Raw data ::

┏━━

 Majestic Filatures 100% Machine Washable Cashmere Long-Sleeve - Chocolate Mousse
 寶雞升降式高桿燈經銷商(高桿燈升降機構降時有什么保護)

┗━━
┏━━

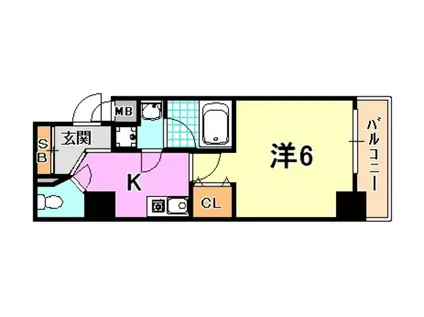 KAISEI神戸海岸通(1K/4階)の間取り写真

┗━━

Task objective ::
Of the entries above, repeat exactly the lines between the line with "Majestic Filatures 100%" and the line with "寶雞升降式高桿燈經銷商(高桿燈升降機構降時有什么保護)", inclusive, and no others.

Task result ::
 Majestic Filatures 100% Machine Washable Cashmere Long-Sleeve - Chocolate Mousse
 寶雞升降式高桿燈經銷商(高桿燈升降機構降時有什么保護)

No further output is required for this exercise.